Work task
Every line from the one containing "круглые Кандалакша" to the end of the records below must be copied exactly, and no pictures may be included.

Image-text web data
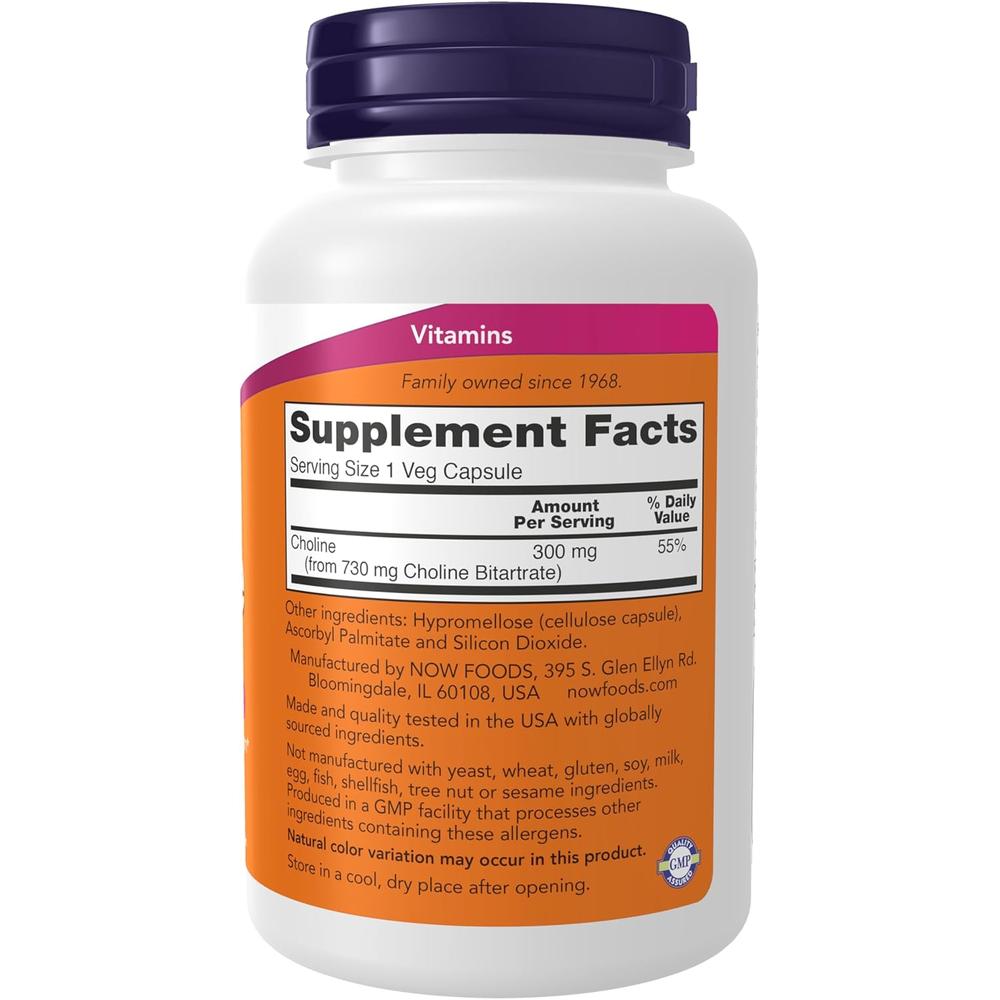 COLINA NOW FOODS 300 MG 100 CÁPSULAS | PACK 2 - 3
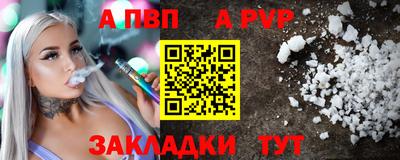 дистиллят марихуана Партизанск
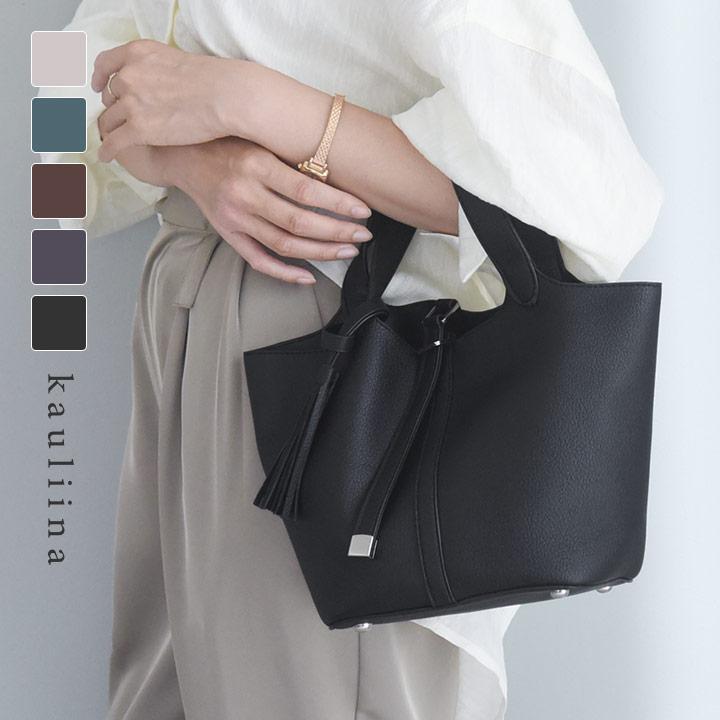 フェイクレザー ミニトート 気軽に持てて上品見え フェイクレザー 上品タッセルミニトート ミニバッグ 通勤／kauliina カウリーナ【11/28服追加】 | 
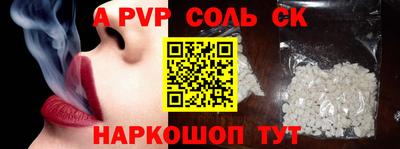 круглые Кандалакша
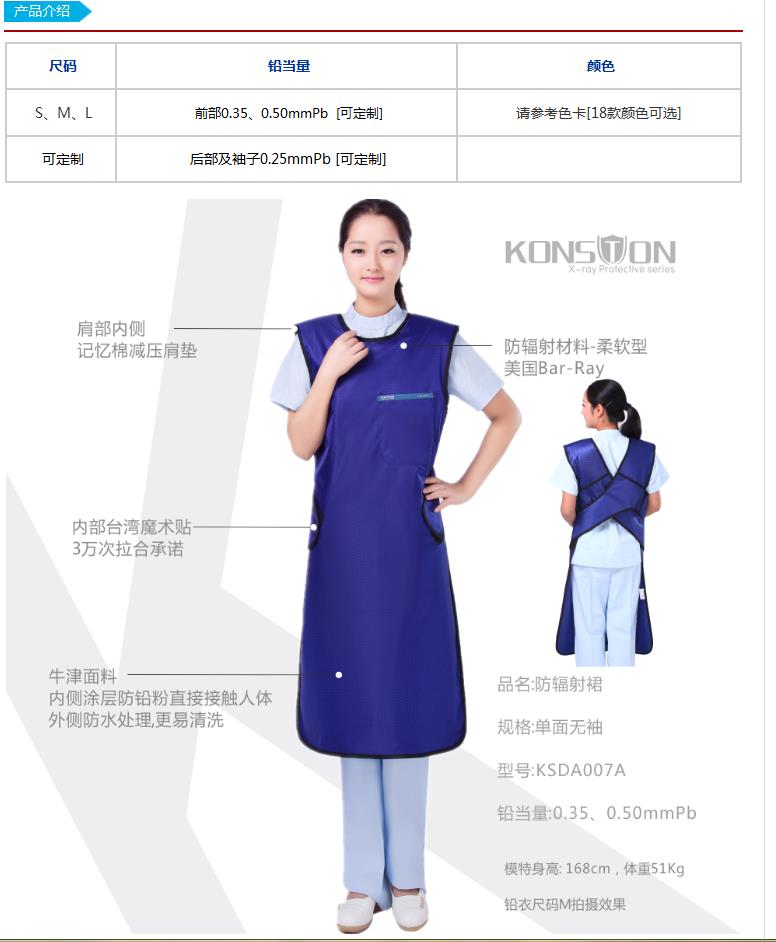微博桌面截图_20160328095706.jpg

Task answer
 круглые Кандалакша
微博桌面截图_20160328095706.jpg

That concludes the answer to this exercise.